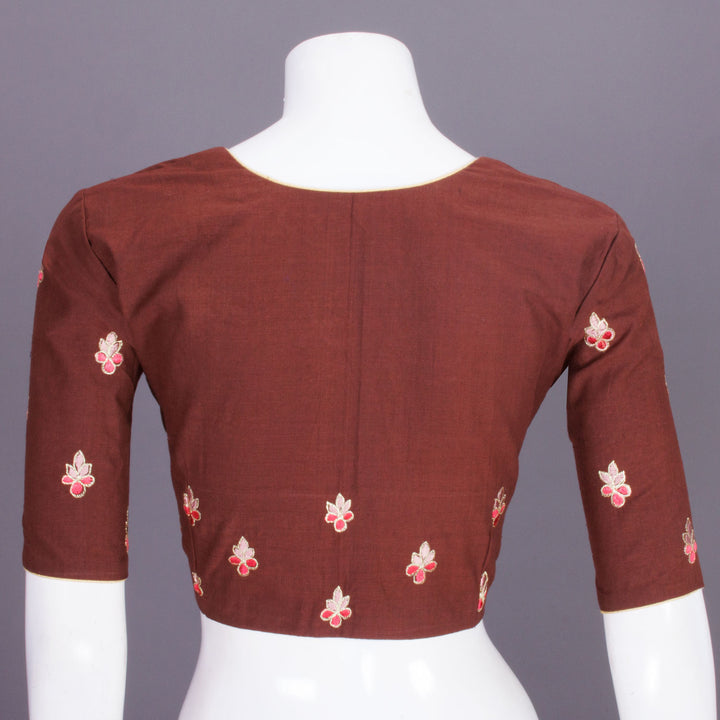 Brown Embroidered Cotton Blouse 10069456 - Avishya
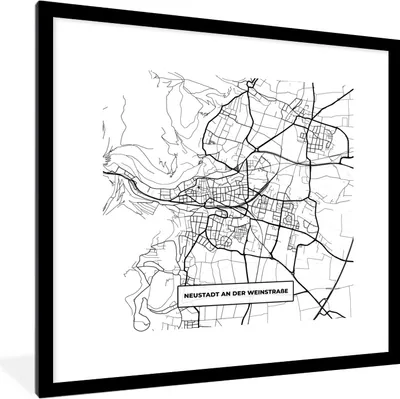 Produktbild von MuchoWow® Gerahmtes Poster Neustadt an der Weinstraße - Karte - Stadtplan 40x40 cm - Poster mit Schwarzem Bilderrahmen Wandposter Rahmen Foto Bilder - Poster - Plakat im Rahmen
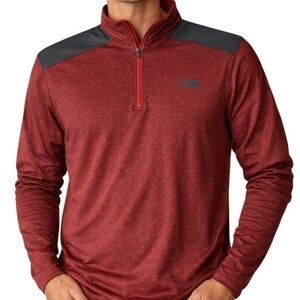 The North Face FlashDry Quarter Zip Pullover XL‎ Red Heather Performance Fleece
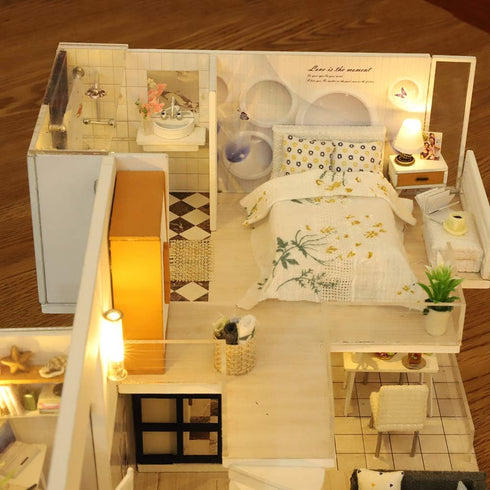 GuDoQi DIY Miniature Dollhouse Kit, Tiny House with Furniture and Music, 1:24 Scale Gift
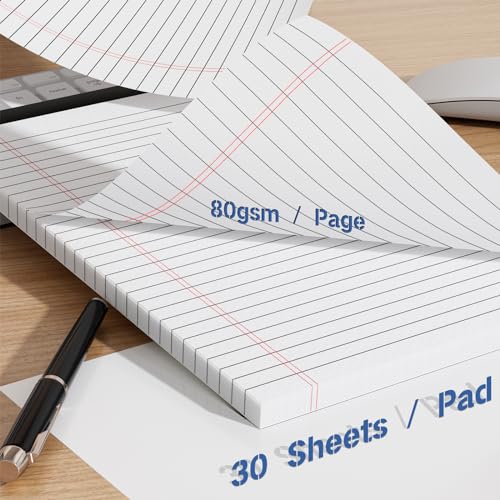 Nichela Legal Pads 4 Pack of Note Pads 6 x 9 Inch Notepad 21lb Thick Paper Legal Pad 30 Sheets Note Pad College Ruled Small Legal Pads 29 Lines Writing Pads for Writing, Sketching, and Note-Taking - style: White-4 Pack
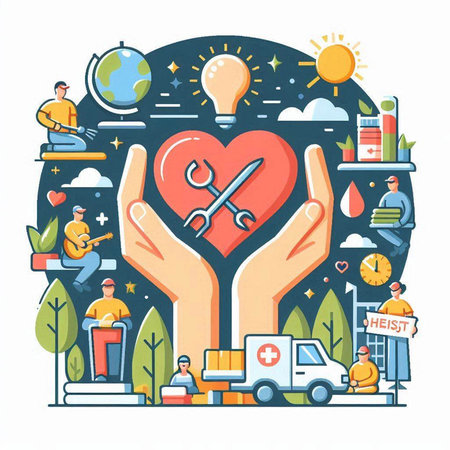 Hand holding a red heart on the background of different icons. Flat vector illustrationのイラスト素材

Your task:
Return only the part above that opens with the line containing "GuDoQi DIY Miniature" and closes with the line containing "Nichela Legal Pads", exactly and with both ends, skipping the pictures.

Solution to this task:
 GuDoQi DIY Miniature Dollhouse Kit, Tiny House with Furniture and Music, 1:24 Scale Gift
 Nichela Legal Pads 4 Pack of Note Pads 6 x 9 Inch Notepad 21lb Thick Paper Legal Pad 30 Sheets Note Pad College Ruled Small Legal Pads 29 Lines Writing Pads for Writing, Sketching, and Note-Taking - style: White-4 Pack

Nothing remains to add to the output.